The next day I was feeling much better, which was important because I had some seriously grown up plans, y'all. Specifically, I managed to get to Hitchin rail station, buy a ticket and a return from the nice ticket counter man, get myself on a train to Kings Cross in London and then find the prearranged meeting point at St. Pancras station all by myself LIKE A MOTHERFUCKING ADULT. I was meeting a total stranger, hence the bright purple, highly recognizable hair. I'd been internet stalking him for some seven years, and realizing that I could do whatever I wanted on this trip and that I had nothing to lose, I'd e-mailed him and asked if he would be interested in meeting me for a drink. I should back up a bit. The stranger is sort of my idol, internet-wise. His writing is spectacular and is the standard by which I judge all other websites of similar material. I'm not the only one who has noticed, either - his site is fairly popular. So when I sent the e-mail, I wasn't really expecting there to be a response, let alone that the response would be "yes" and "I'll clear my afternoon for you." I figured it would get lost in the sea of fan mail he must get constantly, or that perhaps he doesn't bother to arrange meet-and-greets with potentially crazy fangirls from the internet. I immediately freaked out because HOLY CRAP WHAT AM I GOING TO WEAR and also shitshitshit what if I can't think of anything interesting to say? By the time of my trip we'd been corresponding for a few weeks so I was marginally less nervous (though not comfortable enough to do something intelligent like wear shoes intended for walking in, given that he had told me we'd be walking a fair amount. Instead I wore heels because looking good seemed way more important and I like to pretend to myself that I'm hardcore). We went for lunch and had tapas (my first time, somehow I had missed out on this brilliant cuisine for the first 33 years of my life) and then went and found a coffee shop that served genuine for real delicious coffee, which I took a photo of because I had never seen real coffee before anywhere in England. It was a wonderful afternoon and went by very quickly. The stranger had another engagement, so we made plans for later in the week and then I went home (by taking the tube back to Kings Cross because I am VERY MATURE).

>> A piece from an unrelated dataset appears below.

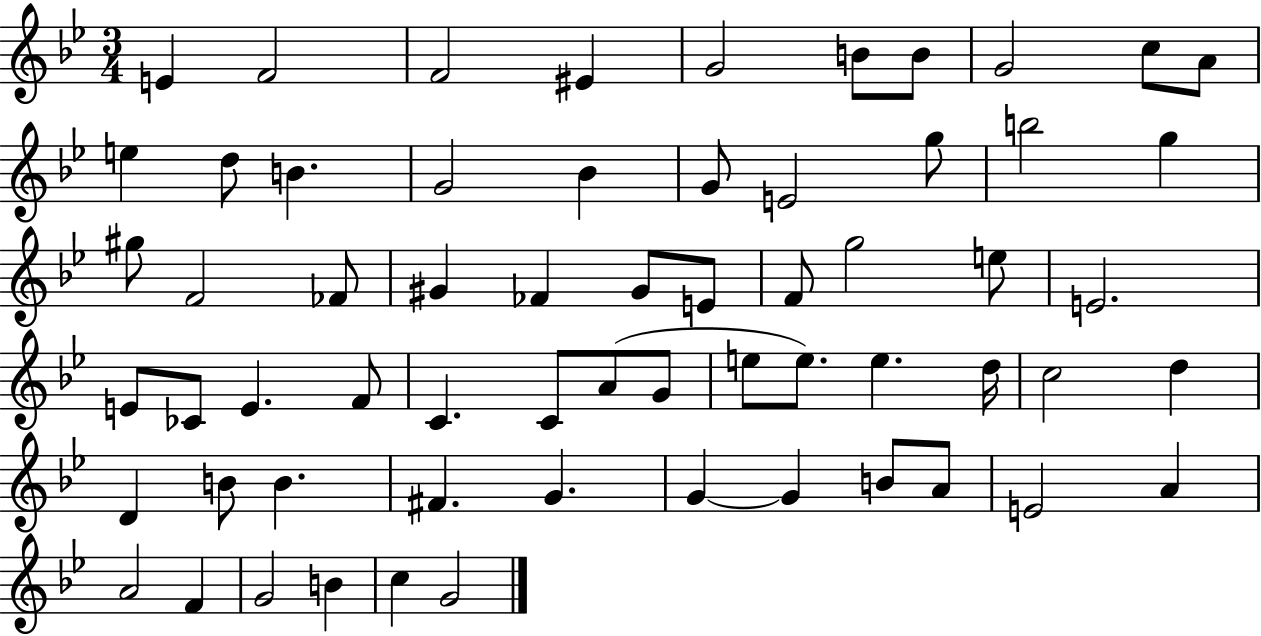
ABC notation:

Back in Hitchin I discovered the one thing that would make life in a small town in England difficult for me (actually the second of two things. As I apparently told everyone repeatedly while drunk, what I would miss about Chicago if I moved is that I can get Mexican food made by real Mexicans when I am drunk at 5 in the morning, and in England even if I could find something open that late (unlikely) it would almost certainly be curry and I don't like curry. Tacos!): everything shuts ridiculously early. Well, I say everything, but I mean everything decent - Subway was still open when I got back, but I didn't go for it. I was starving but there was no way I was eating Subway, which I can get at home, while I was in England. It's the principle of the thing. Instead, I went home and made myself some hot chocolate, surfed the internet for a while and went to bed. I had an adventure planned for the next day insofar as I had absolutely nothing planned at all and was going to be truly on my own as far as how to entertain myself. Shut up, it was very exciting for me.